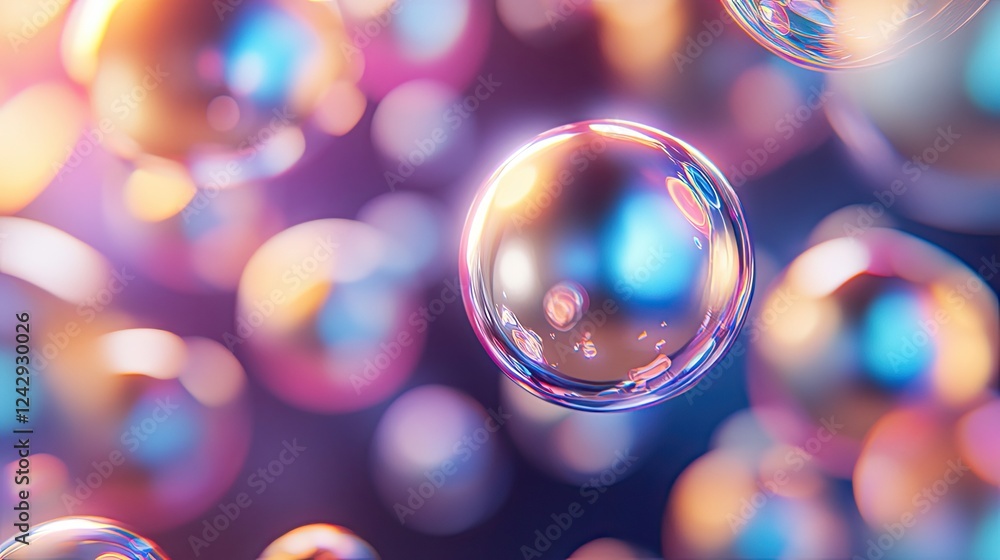 Poster Iridescent Bubbles Floating In A Colorful Background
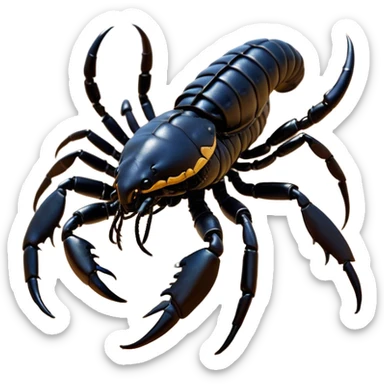 Cinematic Noble Emperor Scorpion Portrait Emoji, Poised and formidable, with a robust, armored build and a glossy, jet-black exoskeleton accented by striking, segmented pincers, deep-set piercing eyes, Simplified yet sharp and sophisticated features, highly detailed, glowing with a cool, dignified glow, high shine, intelligent and imposing, stylized with an air of ancient desert majesty, focused and attentive, soft glowing outline, capturing the essence of a watchful and commanding scorpion that feels as though it could silently creep out of the screen with effortless authority! sticker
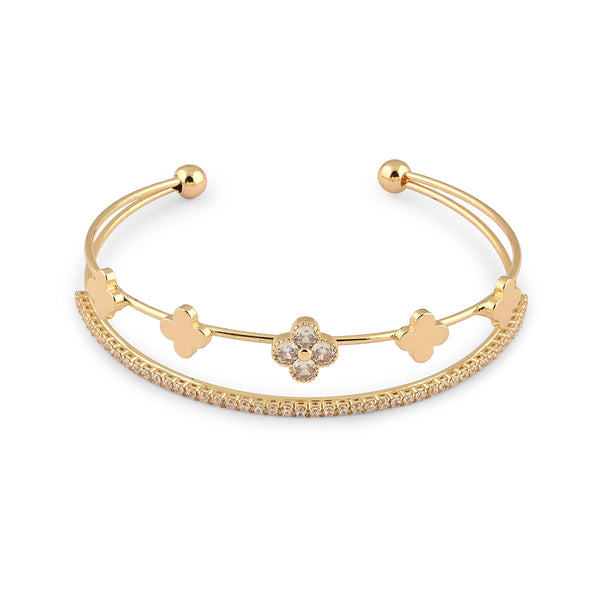 Gold-Toned CZ Clover Floral Cuff Bracelet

========

Work to be completed: Write the listing above out again exactly, dropping each image.

Output for this exercise:
 Poster Iridescent Bubbles Floating In A Colorful Background
 Cinematic Noble Emperor Scorpion Portrait Emoji, Poised and formidable, with a robust, armored build and a glossy, jet-black exoskeleton accented by striking, segmented pincers, deep-set piercing eyes, Simplified yet sharp and sophisticated features, highly detailed, glowing with a cool, dignified glow, high shine, intelligent and imposing, stylized with an air of ancient desert majesty, focused and attentive, soft glowing outline, capturing the essence of a watchful and commanding scorpion that feels as though it could silently creep out of the screen with effortless authority! sticker
 Gold-Toned CZ Clover Floral Cuff Bracelet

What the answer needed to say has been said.